CIP-008: Cyber Security Illustrative Approach

An internal cyber security response center serves as a central location for the analysis and investigation of potential security incidents. In that role, the cyber security response center should consider, evaluate, and respond to both external threats and internal vulnerabilities.

Sources of external threat information include industry information sharing and analysis centers such as Electricity Sector Information Sharing and Analysis Center (ES-ISAC), Infraguard, mailing lists, and commercial reporting services.

Internal vulnerability information is available from condition reporting and activity monitoring. Cyber security response teams should be able to access all relevant internal vulnerability information in a read-only format. Such data may reside in centralized log repositories, on the devices that perform the logging, and in results of self-assessments and independent tests. Security response centers also should have available tools to analyze the logs and to perform ad hoc activity monitoring. Other additional and useful data sources are reports of anomalies in both network and host performance and the end-user experience.

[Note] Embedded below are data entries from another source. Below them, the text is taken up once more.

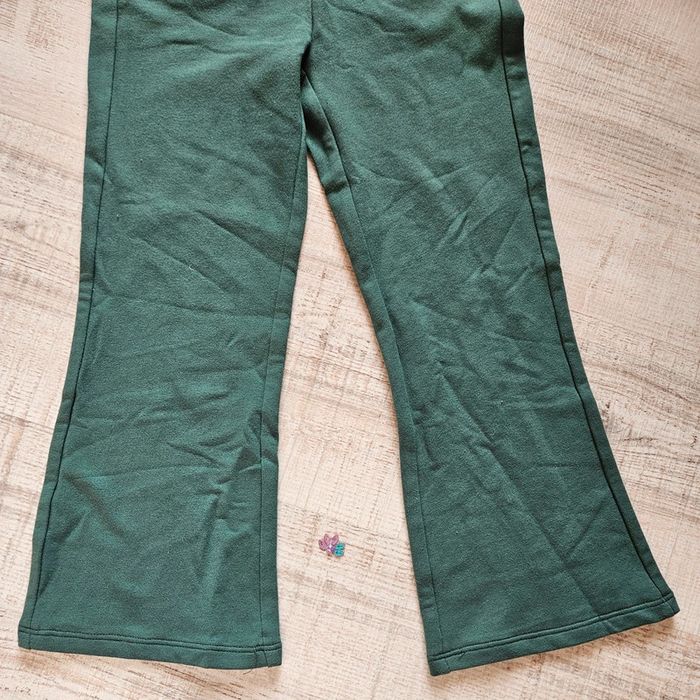 Pantalon large neuf 5 ans - photo numéro 2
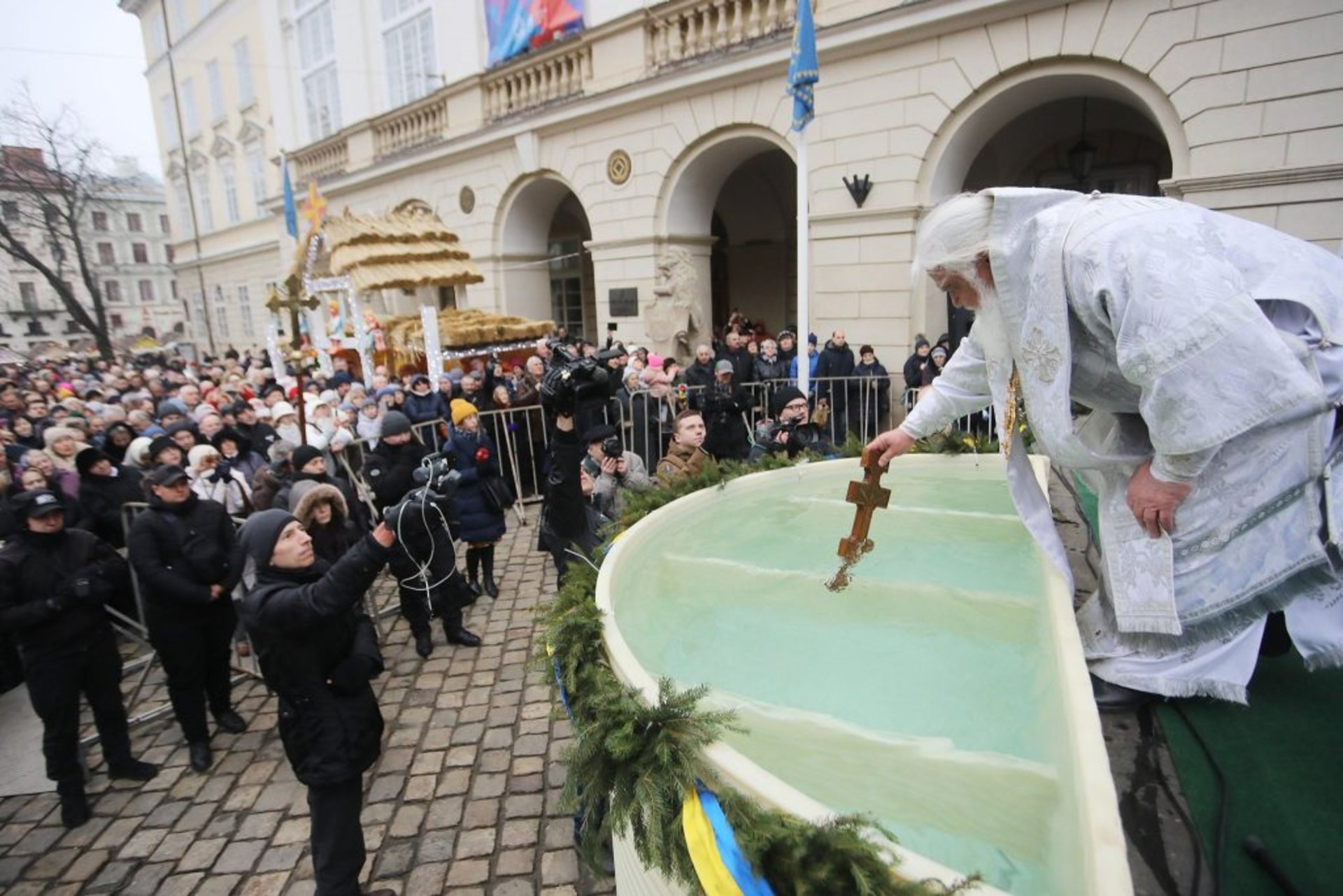 На пл. Ринок відбулось загальноміське освячення води. Фото Христина Процак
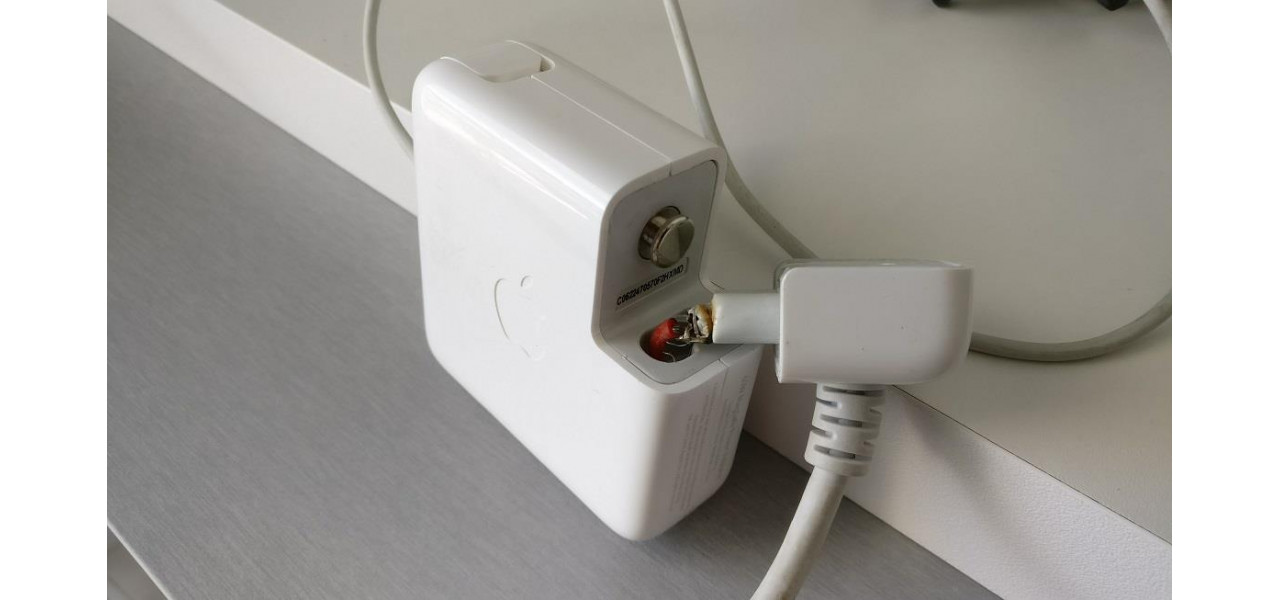 Cum sa preveniti topirea cablului de pe incarcatorul pentru laptop Apple.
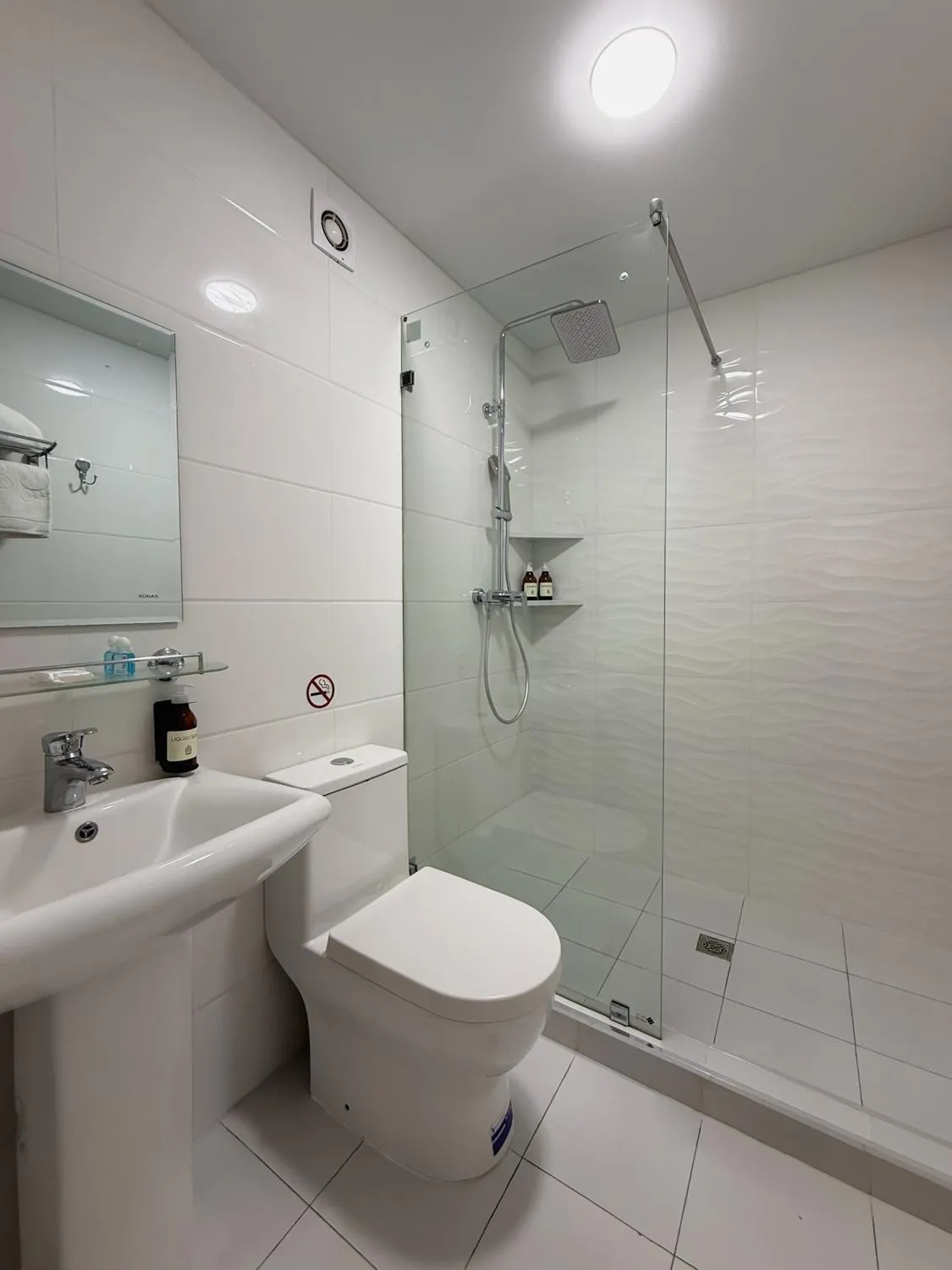 Shower in Musafir Hotel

Because the identification of incidents requires monitoring and management, response teams frequently use security information management (SIM) tools to assist in the data collection, analysis, classification, and reporting of activities related to security incidents.

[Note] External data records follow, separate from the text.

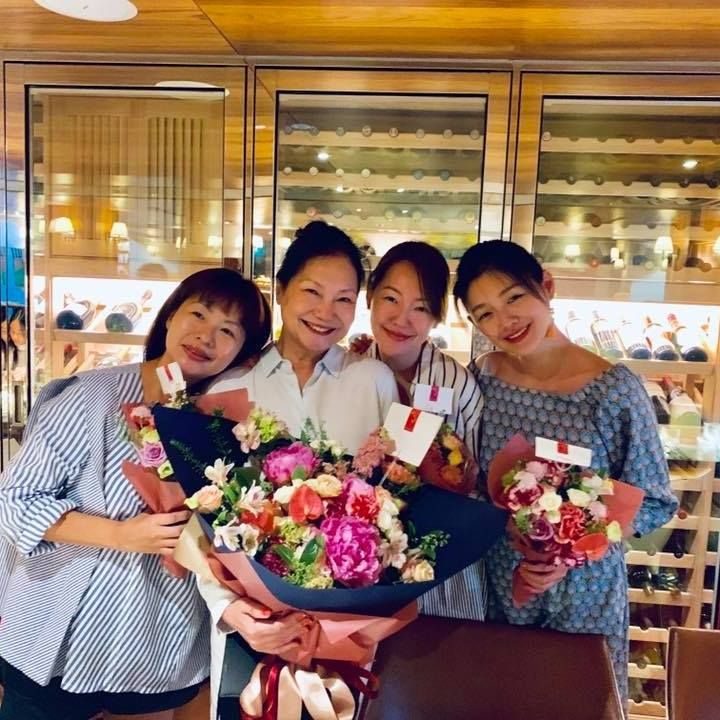 大S再婚后子女近况曝光，S妈代汪小菲教孩子骑车，婆孙合影很温馨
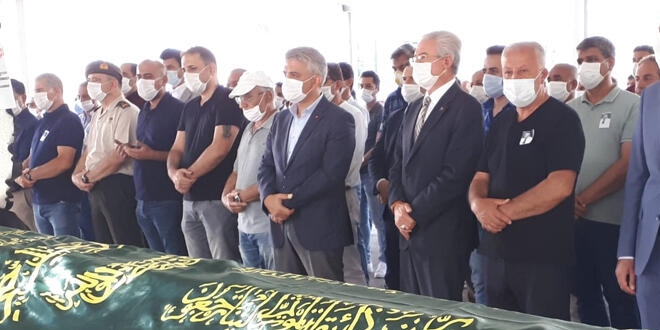 Kazada hayatını kaybeden öğretmen ve ailesi toprağa verildi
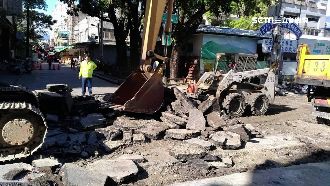 「希望幫到你們」台南工務局花蓮鋪路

The cyber security response team should be governed by policies and procedures that address security incidents:

  • M1. Monitoring policies should enable adequate continual and ad hoc monitoring of communications and the use of the results of monitoring in subsequent legal procedures. The responsibility and authority of security personnel and system administrators for monitoring should be established, and the tools used should be reviewed and approved by appropriate management with appropriate conditions for use.
  • M2. Classification policies should be sufficiently clear to enable timely classification of incidents into different levels of severity. Response and reporting levels should be commensurate with the severity levels.
  • M3. Escalation policies should address when different personnel within the organization will be contacted about the incident and the responsibility those personnel have in incident analysis and response.
  • M4. Reporting policies should address internal and external reporting, including coordination with service providers and reporting to ES-ISAC.

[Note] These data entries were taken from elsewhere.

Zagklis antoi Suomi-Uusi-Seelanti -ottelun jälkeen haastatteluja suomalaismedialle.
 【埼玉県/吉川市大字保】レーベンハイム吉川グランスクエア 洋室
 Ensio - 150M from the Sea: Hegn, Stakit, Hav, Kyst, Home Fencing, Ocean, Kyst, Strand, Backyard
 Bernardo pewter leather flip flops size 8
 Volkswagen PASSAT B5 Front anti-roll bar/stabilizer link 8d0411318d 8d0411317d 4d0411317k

In addition, a policy should address who is empowered to declare an incident to be an intrusion.

At a minimum, each entity should tests its incident response plan at least annually. Such testing should validate that planned response actions are exercised in reference to a presumed or hypothetical incident contemplated by the cyber security response plan, and not necessarily that the presumed incident is performed on the live system. Employees should take what action would be required under the response plan, given the hypothetical incident. When reviewing actual incidents or testing the incident response plan, the entity should document lessons learned and incorporate appropriate changes to the plan, as needed.

The effectiveness of a cyber security incident response team also is a function of the training and expertise of the security analysts. An entity should ensure that its analysts are sufficiently trained to appropriately analyze network and host activity and to use the monitoring and analysis tools made available to them.